Author: Dr. C. Wright
Following his paper, Dr Wright opened the floor to questions from the audience…
1. If Jeremiah is in some sense modelling what it means to be missionaries, as a group or individuals, is this encouraging or discouraging with the experiences that Jeremiah has and how does this fit into the wider context of biblical prophecy?
I hope that it would not be discouraging, but it would certainly be sobering. I think there is certainly a necessity for a prophetic critique of the church of the people of God. When we are thinking about mission, it is easy sometimes – especially in a place like this and elsewhere – to get fairly gung-ho about all the wonderful realities of church growth around the world, of great stories of successful mission and so on, for which we praise God. But we also need to recognise that there are some very terrible deformities in those who claim to be the people of God, especially within the evangelical communities around the world. Things that make us wonder if the judgement of God is as much against the church as against the world; things like: lack of integrity, like a prosperity gospel, all sorts of ways in which one finds deformities in the Christian church.

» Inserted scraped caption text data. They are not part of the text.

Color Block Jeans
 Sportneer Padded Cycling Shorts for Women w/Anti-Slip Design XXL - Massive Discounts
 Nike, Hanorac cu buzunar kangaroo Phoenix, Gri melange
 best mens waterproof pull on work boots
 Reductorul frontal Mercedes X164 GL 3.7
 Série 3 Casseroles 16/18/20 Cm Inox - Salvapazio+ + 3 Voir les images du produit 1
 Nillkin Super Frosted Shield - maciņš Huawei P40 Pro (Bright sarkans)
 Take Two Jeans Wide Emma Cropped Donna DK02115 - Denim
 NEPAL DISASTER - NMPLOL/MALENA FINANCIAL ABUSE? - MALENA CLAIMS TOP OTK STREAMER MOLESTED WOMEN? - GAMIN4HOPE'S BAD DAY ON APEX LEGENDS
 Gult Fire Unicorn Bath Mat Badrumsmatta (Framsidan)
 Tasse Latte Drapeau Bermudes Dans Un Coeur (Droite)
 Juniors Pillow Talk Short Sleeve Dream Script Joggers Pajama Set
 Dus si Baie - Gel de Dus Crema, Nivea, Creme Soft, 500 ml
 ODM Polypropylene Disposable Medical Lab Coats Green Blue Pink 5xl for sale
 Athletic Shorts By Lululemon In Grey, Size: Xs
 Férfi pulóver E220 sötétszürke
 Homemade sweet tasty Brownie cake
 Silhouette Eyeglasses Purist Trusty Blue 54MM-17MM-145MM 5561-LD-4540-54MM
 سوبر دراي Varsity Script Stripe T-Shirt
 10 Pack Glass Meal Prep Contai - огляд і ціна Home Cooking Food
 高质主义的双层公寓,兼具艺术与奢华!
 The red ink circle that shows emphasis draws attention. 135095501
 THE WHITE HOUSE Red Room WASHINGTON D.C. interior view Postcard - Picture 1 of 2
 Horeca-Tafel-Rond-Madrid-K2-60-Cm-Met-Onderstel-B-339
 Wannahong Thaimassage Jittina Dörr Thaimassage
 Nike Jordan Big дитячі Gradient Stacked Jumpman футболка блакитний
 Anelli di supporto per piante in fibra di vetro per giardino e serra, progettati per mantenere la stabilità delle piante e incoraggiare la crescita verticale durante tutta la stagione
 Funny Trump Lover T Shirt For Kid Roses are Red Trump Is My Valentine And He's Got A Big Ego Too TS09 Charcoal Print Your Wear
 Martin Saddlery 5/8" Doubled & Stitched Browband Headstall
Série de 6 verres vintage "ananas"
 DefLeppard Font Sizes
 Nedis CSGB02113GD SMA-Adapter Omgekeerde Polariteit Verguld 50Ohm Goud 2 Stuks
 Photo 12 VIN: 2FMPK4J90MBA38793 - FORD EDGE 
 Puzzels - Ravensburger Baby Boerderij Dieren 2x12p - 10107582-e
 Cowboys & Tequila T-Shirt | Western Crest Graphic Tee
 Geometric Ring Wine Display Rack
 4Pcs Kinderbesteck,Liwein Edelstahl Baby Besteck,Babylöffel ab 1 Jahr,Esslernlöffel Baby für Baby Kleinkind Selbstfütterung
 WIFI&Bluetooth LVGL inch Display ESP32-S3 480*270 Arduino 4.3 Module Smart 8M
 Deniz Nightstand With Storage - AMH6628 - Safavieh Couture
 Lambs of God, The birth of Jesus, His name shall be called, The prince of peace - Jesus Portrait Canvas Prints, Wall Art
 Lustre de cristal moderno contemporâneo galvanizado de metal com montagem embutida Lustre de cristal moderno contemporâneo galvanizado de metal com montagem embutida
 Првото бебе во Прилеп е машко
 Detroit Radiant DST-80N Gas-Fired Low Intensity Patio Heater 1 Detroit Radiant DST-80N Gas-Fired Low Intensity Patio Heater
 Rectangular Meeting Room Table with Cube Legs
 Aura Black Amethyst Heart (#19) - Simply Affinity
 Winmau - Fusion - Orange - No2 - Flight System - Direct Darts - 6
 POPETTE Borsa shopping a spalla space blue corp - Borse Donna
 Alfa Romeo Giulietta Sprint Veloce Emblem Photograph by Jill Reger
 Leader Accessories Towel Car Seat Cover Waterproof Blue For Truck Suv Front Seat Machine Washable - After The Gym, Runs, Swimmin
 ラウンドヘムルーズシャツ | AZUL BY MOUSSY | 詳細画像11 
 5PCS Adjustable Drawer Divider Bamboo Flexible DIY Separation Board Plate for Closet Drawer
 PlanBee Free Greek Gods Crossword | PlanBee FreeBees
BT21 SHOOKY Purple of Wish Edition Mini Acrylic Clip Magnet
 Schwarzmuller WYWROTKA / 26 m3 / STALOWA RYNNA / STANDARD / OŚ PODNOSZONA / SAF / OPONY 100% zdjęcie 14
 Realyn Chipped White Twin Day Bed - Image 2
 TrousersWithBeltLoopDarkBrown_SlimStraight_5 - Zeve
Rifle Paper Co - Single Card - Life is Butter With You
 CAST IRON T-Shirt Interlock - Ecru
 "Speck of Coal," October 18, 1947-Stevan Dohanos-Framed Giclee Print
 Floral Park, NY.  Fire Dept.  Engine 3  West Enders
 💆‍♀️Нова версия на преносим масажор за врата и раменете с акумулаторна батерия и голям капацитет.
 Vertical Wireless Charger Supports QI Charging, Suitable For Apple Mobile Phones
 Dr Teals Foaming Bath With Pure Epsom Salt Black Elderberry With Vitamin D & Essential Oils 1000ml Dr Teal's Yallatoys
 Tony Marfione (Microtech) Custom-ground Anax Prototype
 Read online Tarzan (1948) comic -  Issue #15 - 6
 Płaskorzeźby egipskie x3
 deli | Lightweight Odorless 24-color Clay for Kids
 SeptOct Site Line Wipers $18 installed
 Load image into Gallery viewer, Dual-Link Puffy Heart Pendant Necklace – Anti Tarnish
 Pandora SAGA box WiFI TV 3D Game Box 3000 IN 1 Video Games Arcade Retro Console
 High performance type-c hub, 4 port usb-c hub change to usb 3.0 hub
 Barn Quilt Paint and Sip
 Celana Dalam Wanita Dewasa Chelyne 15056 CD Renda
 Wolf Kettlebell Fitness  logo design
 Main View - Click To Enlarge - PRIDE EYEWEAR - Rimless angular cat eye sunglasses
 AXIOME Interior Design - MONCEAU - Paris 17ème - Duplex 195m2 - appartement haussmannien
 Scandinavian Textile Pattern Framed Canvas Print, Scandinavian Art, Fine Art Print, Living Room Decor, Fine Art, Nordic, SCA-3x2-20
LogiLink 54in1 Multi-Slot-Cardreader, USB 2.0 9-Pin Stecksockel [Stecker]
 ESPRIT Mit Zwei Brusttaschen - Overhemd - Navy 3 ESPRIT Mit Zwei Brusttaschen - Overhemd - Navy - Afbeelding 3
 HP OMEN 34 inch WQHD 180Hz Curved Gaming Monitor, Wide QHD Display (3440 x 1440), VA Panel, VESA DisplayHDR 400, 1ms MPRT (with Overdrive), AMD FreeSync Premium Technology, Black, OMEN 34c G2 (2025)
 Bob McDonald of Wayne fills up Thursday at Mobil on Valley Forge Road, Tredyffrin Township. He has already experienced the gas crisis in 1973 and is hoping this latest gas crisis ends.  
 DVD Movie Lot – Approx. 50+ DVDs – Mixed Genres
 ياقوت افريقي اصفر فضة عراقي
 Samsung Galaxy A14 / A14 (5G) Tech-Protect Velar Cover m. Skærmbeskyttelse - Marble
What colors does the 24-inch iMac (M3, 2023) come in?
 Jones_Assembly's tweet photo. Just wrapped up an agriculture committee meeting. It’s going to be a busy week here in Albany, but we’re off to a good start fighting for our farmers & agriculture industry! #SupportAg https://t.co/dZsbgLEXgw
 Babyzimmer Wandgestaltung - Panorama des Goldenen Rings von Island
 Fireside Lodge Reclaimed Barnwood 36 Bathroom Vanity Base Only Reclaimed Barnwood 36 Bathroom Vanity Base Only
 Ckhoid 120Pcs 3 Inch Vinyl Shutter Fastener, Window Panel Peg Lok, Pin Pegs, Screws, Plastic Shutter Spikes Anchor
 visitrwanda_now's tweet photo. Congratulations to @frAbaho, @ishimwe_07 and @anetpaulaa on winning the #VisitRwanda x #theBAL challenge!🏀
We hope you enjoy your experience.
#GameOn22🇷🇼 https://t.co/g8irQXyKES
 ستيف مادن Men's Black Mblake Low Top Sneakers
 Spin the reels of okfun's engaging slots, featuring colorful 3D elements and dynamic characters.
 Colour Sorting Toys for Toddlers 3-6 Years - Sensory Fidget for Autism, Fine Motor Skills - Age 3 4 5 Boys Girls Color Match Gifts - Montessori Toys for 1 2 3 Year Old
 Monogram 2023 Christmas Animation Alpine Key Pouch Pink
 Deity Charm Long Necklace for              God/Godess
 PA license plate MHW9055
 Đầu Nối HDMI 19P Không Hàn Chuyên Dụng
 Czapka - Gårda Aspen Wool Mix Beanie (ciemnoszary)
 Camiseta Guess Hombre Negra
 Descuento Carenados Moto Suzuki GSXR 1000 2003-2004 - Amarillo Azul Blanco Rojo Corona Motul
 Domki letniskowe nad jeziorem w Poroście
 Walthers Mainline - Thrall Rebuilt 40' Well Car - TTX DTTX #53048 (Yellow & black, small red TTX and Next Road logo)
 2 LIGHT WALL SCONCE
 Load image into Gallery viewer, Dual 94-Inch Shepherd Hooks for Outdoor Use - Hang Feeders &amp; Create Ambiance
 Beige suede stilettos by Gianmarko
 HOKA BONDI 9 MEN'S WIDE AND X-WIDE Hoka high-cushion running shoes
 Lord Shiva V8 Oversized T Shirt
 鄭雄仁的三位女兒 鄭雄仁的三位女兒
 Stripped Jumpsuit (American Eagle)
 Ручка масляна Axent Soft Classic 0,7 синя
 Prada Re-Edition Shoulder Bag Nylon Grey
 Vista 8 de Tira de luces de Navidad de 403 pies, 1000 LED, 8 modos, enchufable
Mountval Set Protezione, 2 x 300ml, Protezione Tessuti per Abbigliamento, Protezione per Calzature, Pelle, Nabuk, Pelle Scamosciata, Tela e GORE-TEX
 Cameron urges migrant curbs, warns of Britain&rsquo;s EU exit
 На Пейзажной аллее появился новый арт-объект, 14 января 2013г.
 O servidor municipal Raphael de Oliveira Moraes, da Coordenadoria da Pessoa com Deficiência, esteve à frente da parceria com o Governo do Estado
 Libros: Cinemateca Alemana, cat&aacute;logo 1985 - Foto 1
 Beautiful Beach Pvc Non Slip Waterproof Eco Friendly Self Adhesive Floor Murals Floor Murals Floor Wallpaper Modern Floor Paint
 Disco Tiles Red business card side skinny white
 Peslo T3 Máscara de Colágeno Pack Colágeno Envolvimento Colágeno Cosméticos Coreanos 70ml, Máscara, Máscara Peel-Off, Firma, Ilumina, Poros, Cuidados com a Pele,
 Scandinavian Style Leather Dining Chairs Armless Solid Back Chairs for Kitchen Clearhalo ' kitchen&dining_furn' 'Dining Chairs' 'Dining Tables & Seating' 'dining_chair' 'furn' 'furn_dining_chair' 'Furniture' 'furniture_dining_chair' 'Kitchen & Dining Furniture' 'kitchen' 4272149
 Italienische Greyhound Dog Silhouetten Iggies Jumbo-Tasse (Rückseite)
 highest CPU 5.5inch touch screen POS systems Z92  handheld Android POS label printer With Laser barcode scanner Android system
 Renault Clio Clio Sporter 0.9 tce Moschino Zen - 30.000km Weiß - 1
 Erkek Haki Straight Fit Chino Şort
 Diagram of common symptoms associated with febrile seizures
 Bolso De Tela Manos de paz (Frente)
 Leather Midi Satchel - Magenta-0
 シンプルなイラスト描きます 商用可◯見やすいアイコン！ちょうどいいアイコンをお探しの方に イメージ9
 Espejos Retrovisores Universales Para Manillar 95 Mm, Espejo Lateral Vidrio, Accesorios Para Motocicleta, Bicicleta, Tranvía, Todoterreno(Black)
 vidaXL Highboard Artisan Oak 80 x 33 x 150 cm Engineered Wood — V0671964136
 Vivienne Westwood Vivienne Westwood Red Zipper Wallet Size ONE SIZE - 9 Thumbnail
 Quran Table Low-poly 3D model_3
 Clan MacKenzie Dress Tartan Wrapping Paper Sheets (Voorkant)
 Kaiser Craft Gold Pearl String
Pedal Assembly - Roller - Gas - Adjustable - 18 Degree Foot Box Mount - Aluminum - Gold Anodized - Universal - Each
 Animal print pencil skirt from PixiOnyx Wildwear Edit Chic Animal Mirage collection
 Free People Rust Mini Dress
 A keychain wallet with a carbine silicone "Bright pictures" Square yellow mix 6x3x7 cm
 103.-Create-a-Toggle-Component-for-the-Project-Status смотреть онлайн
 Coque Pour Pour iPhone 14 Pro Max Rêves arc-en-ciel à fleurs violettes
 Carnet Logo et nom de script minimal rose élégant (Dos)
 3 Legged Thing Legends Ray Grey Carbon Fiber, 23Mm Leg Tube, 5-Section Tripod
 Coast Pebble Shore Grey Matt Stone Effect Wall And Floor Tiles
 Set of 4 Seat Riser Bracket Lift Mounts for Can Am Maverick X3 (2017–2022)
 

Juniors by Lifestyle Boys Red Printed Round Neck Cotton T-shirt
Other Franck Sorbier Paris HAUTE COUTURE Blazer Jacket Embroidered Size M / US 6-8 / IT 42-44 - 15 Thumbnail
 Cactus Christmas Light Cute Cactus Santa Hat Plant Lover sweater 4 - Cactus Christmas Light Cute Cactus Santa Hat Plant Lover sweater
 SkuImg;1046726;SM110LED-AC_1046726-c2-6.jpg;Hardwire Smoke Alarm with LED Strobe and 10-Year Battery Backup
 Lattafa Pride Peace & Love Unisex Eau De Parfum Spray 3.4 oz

So there is a need for a sobering, prophetic critique of the church, but I wouldn’t want to be discouraging. I would want to be encouraging because the overall message of Jeremiah is that if the church is willing to go through that purifying period of God’s discipline and judgement, there is grace, there is restoration and there is ultimately the hope that God will complete his mission. God will do what he says he will do, which is to gather in the people from all the nations. We can be grateful that the completion of God’s mission lies ultimately in God’s hands and is not dependent upon our obedience in the sense that it is his grace which is ultimately sovereign.